In case that CAN, for example, is adopted as an in-vehicle LAN, the shutoff processing is executed (step S4) after completing preparation (CAN-Wakeup permission, step S3) so that the microcomputer may wake up when a dominant signal is transmitted to a communication bus and communication is started responsively. When the power IC shuts off a power voltage VOM supplied to the microcomputer, the power voltage VOM falls. When the microcomputer is reset (low-active) (step S5: YES), the microcomputer changes its state to a sleep state (step S6) and stops its operation.    (Patent document 1) JP 4032955 corresponding to US 2004/0122565
However, according the shutoff sequence in patent document 1, the microcomputer repeats an infinite loop of step S5 after outputting a shutoff command to the power IC. Thus the microcomputer waits for being reset. When any one of masters transmits a dominant signal to the communication bus for the in-vehicle communication as shown in FIG. 8 (refer to (c)) under this condition, the system starts the wake-up sequence. The power voltage VOM supplied by the power IC rises again (refer to (a)), but the microcomputer remains in the same condition (refer to (d)), in which the microcomputer repeats the infinite loop and waits for being reset. That is, the microcomputer remains deadlocked in the reset wait state, waiting for the reset signal being changed to low.
In case of an electronic control unit (ECU) for controlling a gear transmission of the vehicle, for example, a specification is provided such that a gear position in the transmission at that time is displayed on an instrument panel in the vehicle when a door of the vehicle opens or a driver seats on a driver's seat. According to this specification, the dominant signal is transmitted to a communication bus when the driver opens the door to get out of the vehicle after turning off an ignition switch. As a result, the deadlock state arises. To counter this problem, as shown in FIG. 13 for example, it is proposed to monitor whether a dominant signal (CAN Rx=H) is transmitted to the communication bus (step S7) during a period, in which the microcomputer waits for being reset at step S5 (NO).

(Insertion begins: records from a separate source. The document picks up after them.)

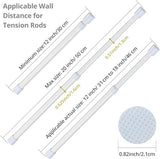 2 Pcs Small Tension Rod 12-20 inch Spring Rod, Tension Rod Spring Tension Rod, Small Tension Curtain Rod, Short Thin Tension Rods, Mini Tension Rods for Closet, Cabinets, Cupboard, Drawers, White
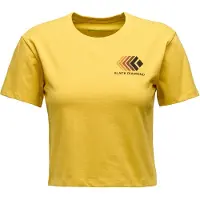 Black Diamond Women's Faded Crop S/S Tee T-shirt Donna (L, giallo)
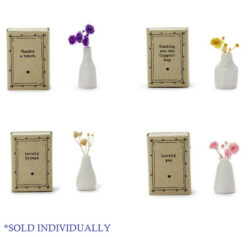 East Of India Matchbox Vase With Flowers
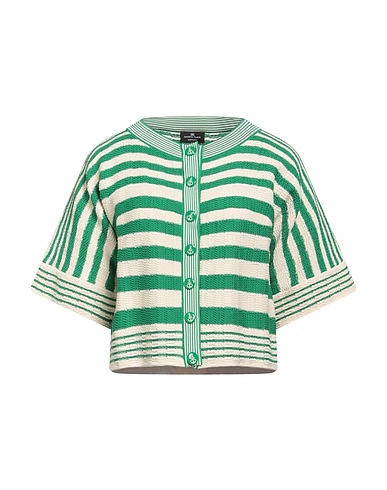 ELISABETTA FRANCHI Cardigan Vert 60% Coton, 40% Viscose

However, a threshold value (for example, about 2V) provided so that a communication driver IC operable with CAN may detect the dominant signal differs from a high level threshold value (for example 3.5V) provided so that the microcomputer may recognize a Rx signal, which is an output signal of a communication driver IC. It is thus likely that the wakeup sequence is not performed normally because of difference in detection timing of the dominant signal and the Rx signal. In addition, each detection is performed in a period, in which the power voltage supplied to the microcomputer fluctuates, the difference in detection timing becomes greater. As a result, it is likely that the detection and recognition become different between the dominant signal and the Rx signal.